> WHAT TO PRODUCE
Using the listing below, output only the lines from the one that contains "Action from Yaxley's" through the one that contains "The aircraft carrier", inclusive, exactly as given and without images.

> EXTRACTED MATERIAL
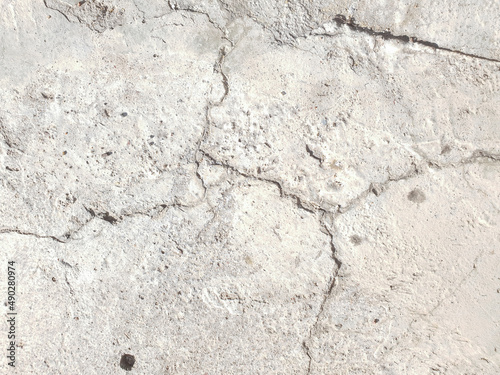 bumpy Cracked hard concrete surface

==

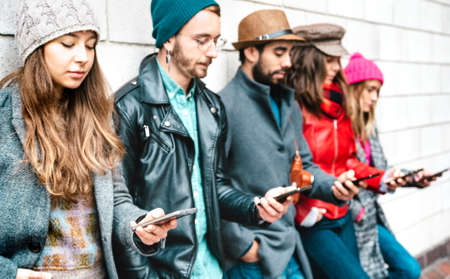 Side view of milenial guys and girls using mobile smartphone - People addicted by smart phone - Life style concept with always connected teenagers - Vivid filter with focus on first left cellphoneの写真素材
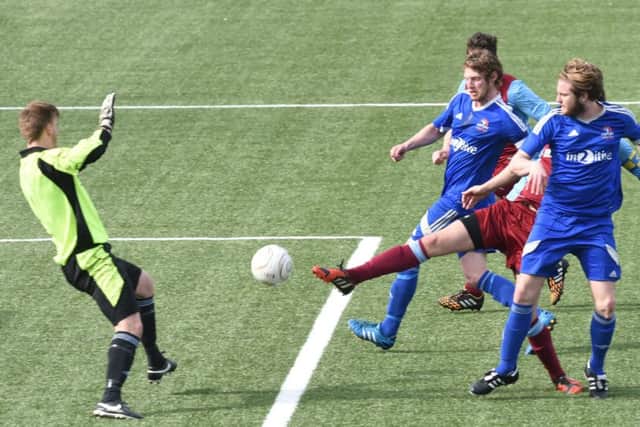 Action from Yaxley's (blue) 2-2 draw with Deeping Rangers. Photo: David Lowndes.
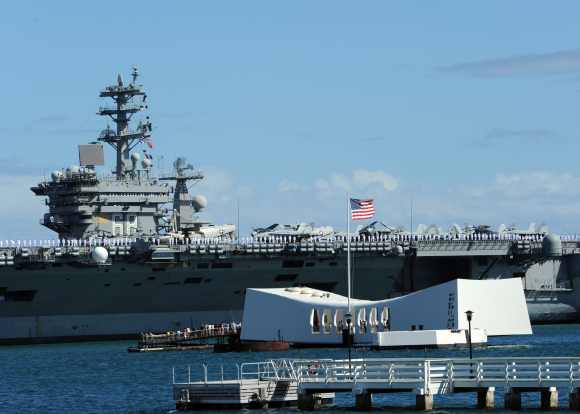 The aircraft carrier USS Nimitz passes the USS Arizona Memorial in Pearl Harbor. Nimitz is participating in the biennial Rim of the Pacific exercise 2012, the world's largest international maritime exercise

* * *

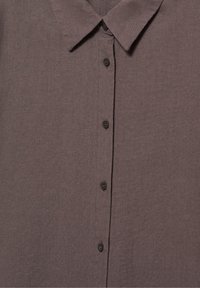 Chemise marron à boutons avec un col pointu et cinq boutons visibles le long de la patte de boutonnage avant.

> SOLUTION TO THE EXERCISE
 Action from Yaxley's (blue) 2-2 draw with Deeping Rangers. Photo: David Lowndes.
 The aircraft carrier USS Nimitz passes the USS Arizona Memorial in Pearl Harbor. Nimitz is participating in the biennial Rim of the Pacific exercise 2012, the world's largest international maritime exercise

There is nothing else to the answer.